This article from January 2017 was updated August 2018 to include more current information.
It’s no secret that ride sharing companies such as Uber and Lyft have quickly become standard means of transportation for many travelers. Their prevalence has shaken up the industry, and many cities are debating exactly how to deal with the new companies.
A few cities, such as Barcelona, Spain and Buffalo, New York, have attempted to prevent Uber and Lyft from operating altogether. Others have tried to restrict access to ride sharing or impose additional fees.
One of the most problematic restrictions for travelers is at airports. It’s easy enough to take a ride share from your home or hotel to the airport—Lyft even allows users to schedule their rides in advance. However, when you arrive at your destination, it’s not always possible to rely on ride sharing. Logan International Airport in Boston, for example, fined ride share drivers who aren’t certified as livery services and registered with Massport.
Hartsfield-Jackson Atlanta International Airport, the busiest airport in the world, began allowing Uber and Lyft drivers to pick up passengers at the beginning of 2017. Passengers paid an additional $3.85 fee in order to cover security, maintenance, the building of an additional waiting lot and other costs.
At the Minneapolis-St. Paul International Airport, Uber and Lyft are allowed if the driver has purchased a $25 permit, but police are cracking down on those who don’t follow the rules.
Some airports have restrictions allowing some ride sharing companies, but not others. For example, Buffalo Niagara International Airport allows Lyft, but not Uber. Still other airports with previously strict rules are loosening them to allow Uber and Lyft. For example, Honolulu Hawaii’s Daniel K. Inouye International Airport (HNL) will begin allowing companies that obtain a license and permit to pick up/drop off passengers at the airport beginning August 24, 2018.

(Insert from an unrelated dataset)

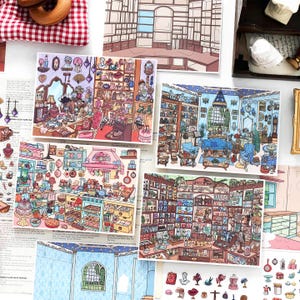 Puede incluir: Una colección de ilustraciones coloridas y detalladas que representan varias escenas de interiores. Las imágenes muestran habitaciones llenas de muebles, decoración y objetos, incluyendo una cocina, una tienda y una sala de estar. El estilo recuerda a un dibujo detallado y caprichoso.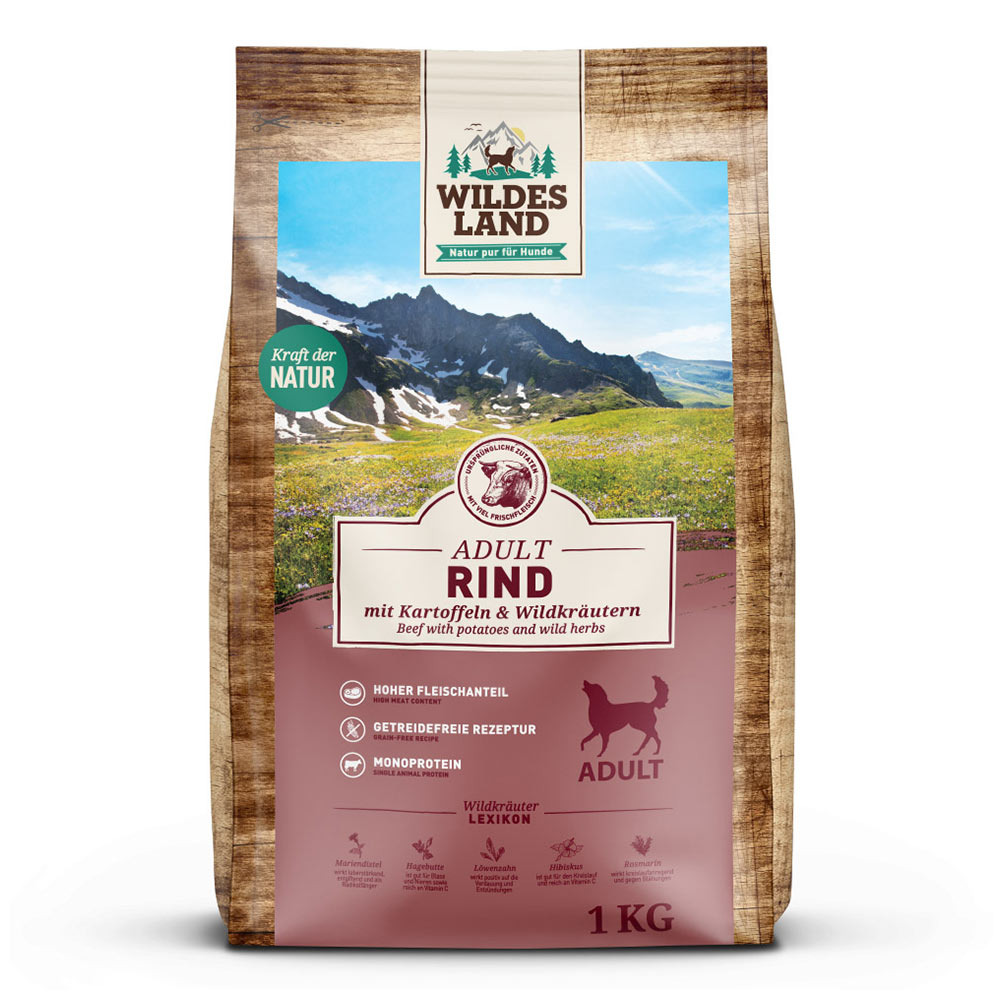 Wildes Land Hundefutter Adult, Rind mit Kartoffeln & Wildkräutern, 1 kg, hoher Fleischanteil, getreidefrei, Monoprotein.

With regulations constantly in flux as cities, airports and traditional taxi companies try to determine how to maintain control of licensing and pickup, it’s wise to confirm you’ll be able to take your preferred ride share before your departure. Otherwise, you may have to find a way around regulations, such as taking one of the shuttle buses to a rental car lot and meeting your ride share driver at the entrance. While an exciting way to subvert the law, at that point you might as well take a taxi.
The good news for frequent travelers? Your Uber/Lyft is quickly become legal at most airports. Compare our 2017 map to our 2018 version, showing the wide array of options for travelers today.
According to Uber and Lyft’s websites, the following are the busiest airports in the U.S. that do not allow ride share company pick-ups.
Kahului Airport (OGG) does not accept Uber or Lyft.
Buffalo Niagara International Airport (BUF) accepts Lyft but not Uber.